Sunday, October 18, 2009

The most taxing problem of our time

On the one year anniversary of the Lehman Brothers collapse, we put together a series of articles to mark the event and assess what problems still remained. The issue of banks that are 'too big to fail' but 'too big to save' remained unsolved.

This is our piece.

One year later we still don’t know if the regulators choice to sacrifice Lehman Brothers was the right one. But we do know they will do whatever they can to not have to make that choice again. Reports Jonathan Shapiro and Jane Lee.

In the final hours of the 158 year existence of Lehman Brothers, the ex-Treasury secretary and former rival banker Hank Paulson, Fed Chair Ben Bernanke, and NY Fed president Tim Geithner faced the toughest call of their lives.

Should they intervene and save the firm? And if they let it fail would the already brittle confidence of the financial markets withstand its collapse?’

While opinions are divided, the current version of history reads that the decision to let it fall was a catastrophic misjudgment. It’s a choice that the world wants to make sure never has to be made again.

The RBA governor Glenn Stevens concedes that managing the systemic risks posed by large bank failures is one of the defining challenges that regulators of his generation will face.

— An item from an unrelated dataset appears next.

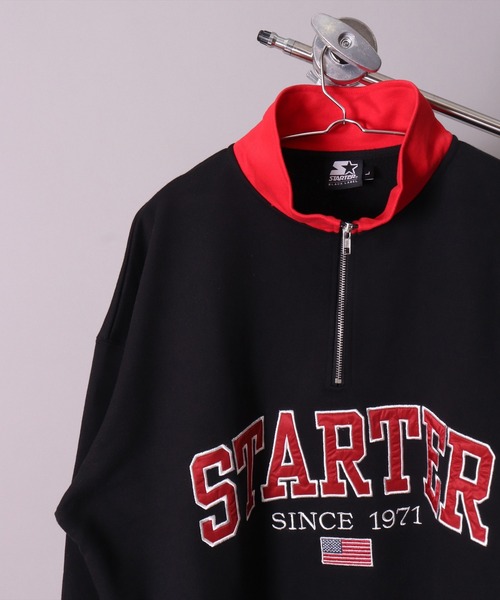STARTER BLACK LABEL(スターターブラックレーベル)の「(YO)【STARTER BLACK LABEL】スウェット ハーフジップ プルオーバー(スウェット・メンズ・ブラック/オフホワイト/マスタード・MEDIUM/LARGE/X-LARGE)」の3枚目の写真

‘The most taxing problem of our time’

“The global policymaking community will have to grapple more effectively with the problem of entities that are ‘too big to fail’, but potentially ‘too big to save’, especially where their activities cross national borders. This is probably the most taxing financial regulatory problem of our time," he said recently.

Some believe that the problem of banks that are too big to fail will never go away.

"There will always be too-big-to-fail banks, no matter where the current debate leads us. When I say that banks’ balance sheets should be capped at $300 billion, I’m not for a minute saying that $300 billion is small enough to fail; I’m just saying that such banks are small enough to rescue,” says financial markets commentator Felix Salmon.

“Too big to fail we can cope with, by rescuing banks rather than letting them fail. Too big to rescue we can’t cope with. And right now, the big four banks in the US are too big to rescue. Which is scary," he said.

Stuff them with capital

One approach is to ensure big banks are more than adequately capitalised.

“If we cannot split banks up and cap the size then as a minimum we have to stuff them full of capital,” says Gary Jenkins, head of fixed income research at Evolution Securities in London.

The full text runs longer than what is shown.